How the hell did this happen?

It happened like this: Every Tuesday while I was researching and writing "Radio Activity" my friend Victor Hawkins would come over for what came to be known as "Tuesdays, 'Tinis and Tunes." (Victor and I worked together at WZZQ-FM in Jackson, Mississippi many years ago. We both ended up moving to LA to write. He did TV, I ended up in the book racket.)

Anyway, Victor and I would sit in the Way Back Studios every Tuesday, drinking martinis and figuring out cool segues with the music from that era of FM rock radio. In time, we made a lot of 'em.

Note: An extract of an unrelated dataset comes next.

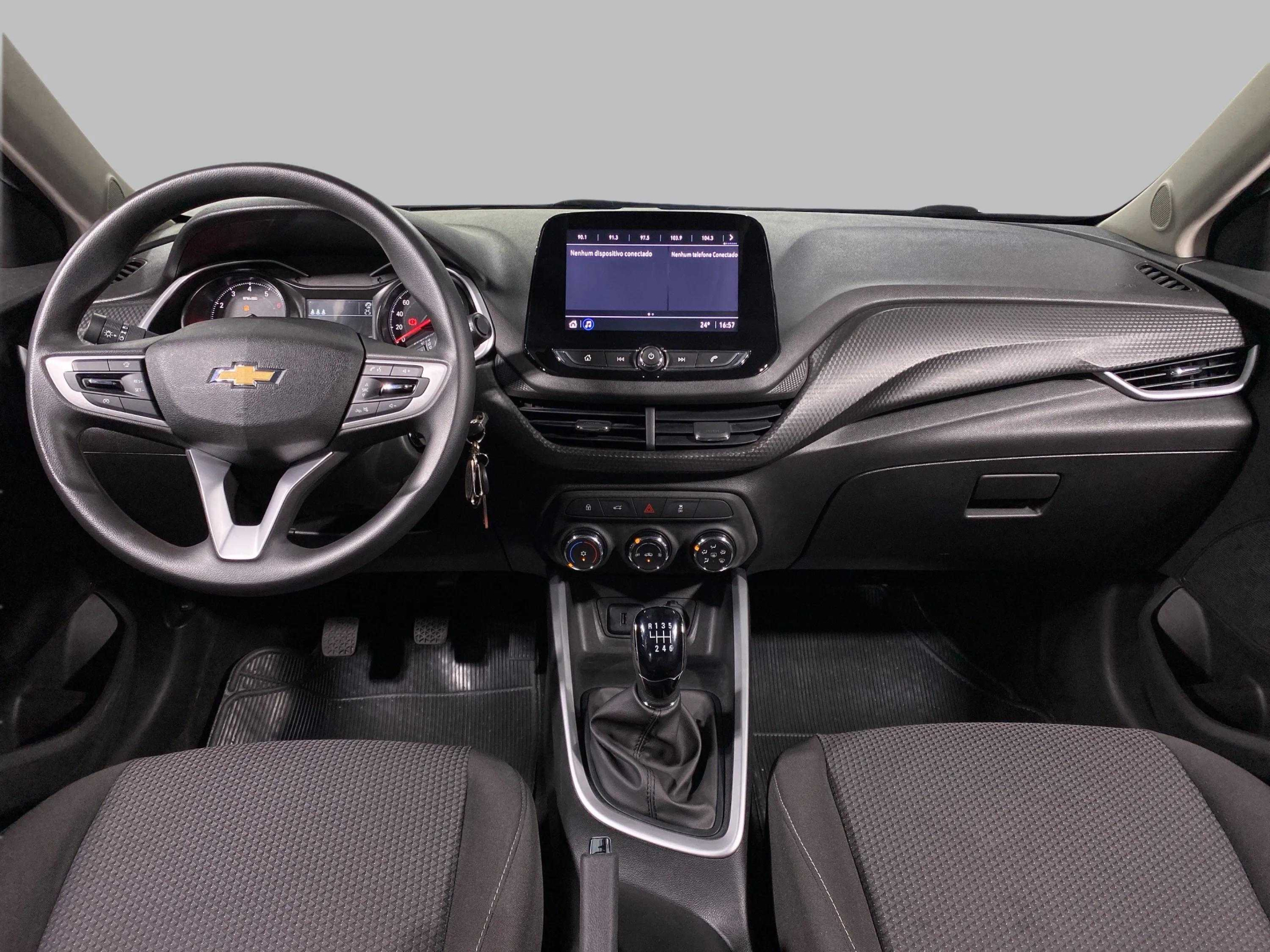 Foto número 560917 do veiculo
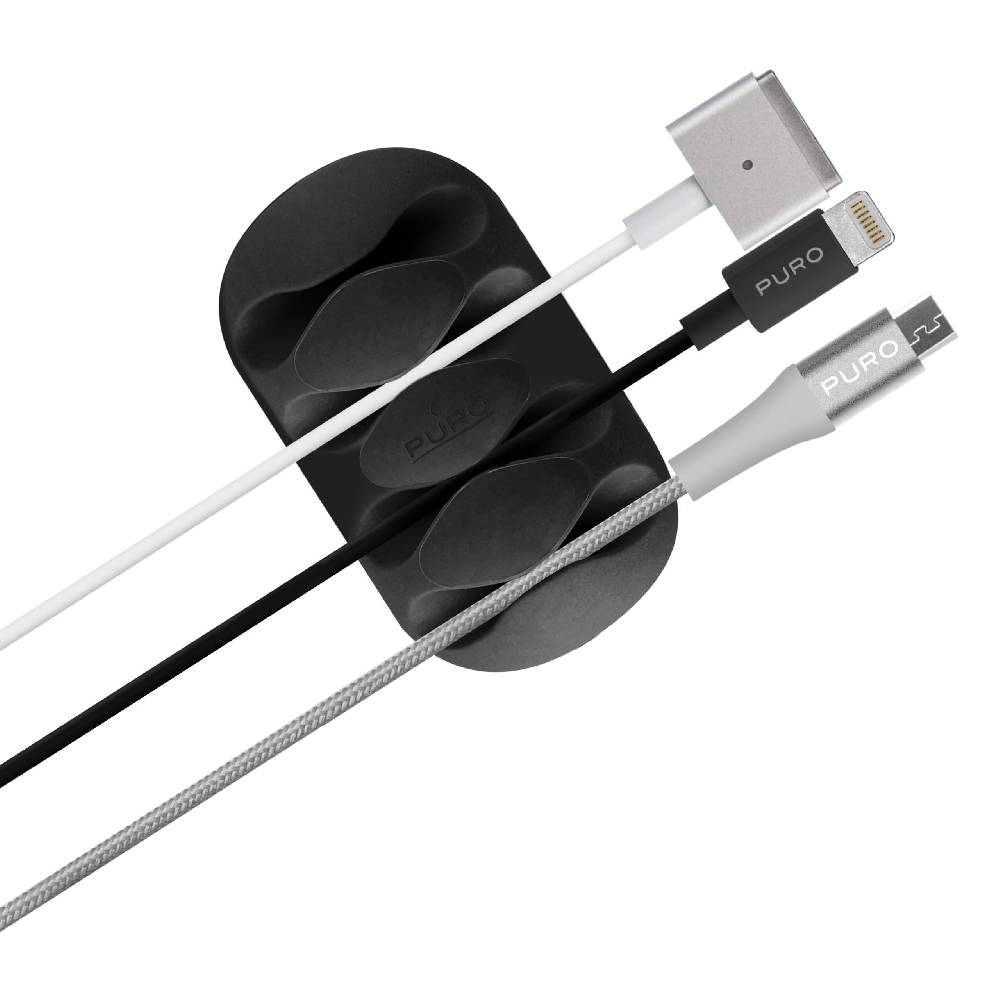 Puro Sticky Clip Plus Italia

After "Radio Activity" was published, George Taylor Morris, program director of XM's Deep Tracks channel read the book and got the sense that I knew what I was talking about. A mutual acquaintance (Greg Bell, who programs XM's Radio Classics channel) introduced George and I, and we had a chat. We seemed to hit it off. Just for fun I sent him a collection of the sets of songs we'd been compiling in The Way Back Studios. Next thing I knew, we were working out the details of the show.

This is the greatest gig in radio.

It's called "Fitzhugh's All Hand-Mixed Vinyl" because it's all done by hand, the way a deejay used to work on the air. It's not all vinyl, but there's a lot of it. (Some of it's pretty scratchy too.) But it IS all Hand-Mixed, no ProTools or other editing platform. You either hit the segue on the fly or you miss it. It's a high wire act, just like being on the air used to be.

Beginning June 14th 2005, it happens every Tuesday morning at 10 EST (9 Central, 8 Mountain, 7 Pacific) with an encore play on Saturday nights, 10:30 EST, (9:30 Central, 8:30 Mountain, 7:30 Pacific.)

So what is it?

Every week, I'll do a new set of tunes, anywhere from 15 to 30 minutes long. The key is how they fit together. In the old days (when FM rock radio was called Free Form or Progressive or Underground) the deejay, often just trying to keep him or herself entertained, would find creative ways to transition from one song to another. I grew up listening to WJDX-FM (which later became WZZQ-FM where I worked). One guy who worked there, name of Bruce Owen, had a couple of great segues that I remember. One of them went from Johnny Rivers into the Beatles. In his song "Summer Rain," Rivers sings a line about how everybody just kept on playing Sergeant Pepper's Lonely Hearts Club Band. That's followed by the drum lick from Sgt. Pepper which lets you to go seamlessly into the Beatles (if you hit it right). One minute you're sitting there singing along with Johnny Rivers, the next thing you know, the Beatles are on. "Whoa! That was cool."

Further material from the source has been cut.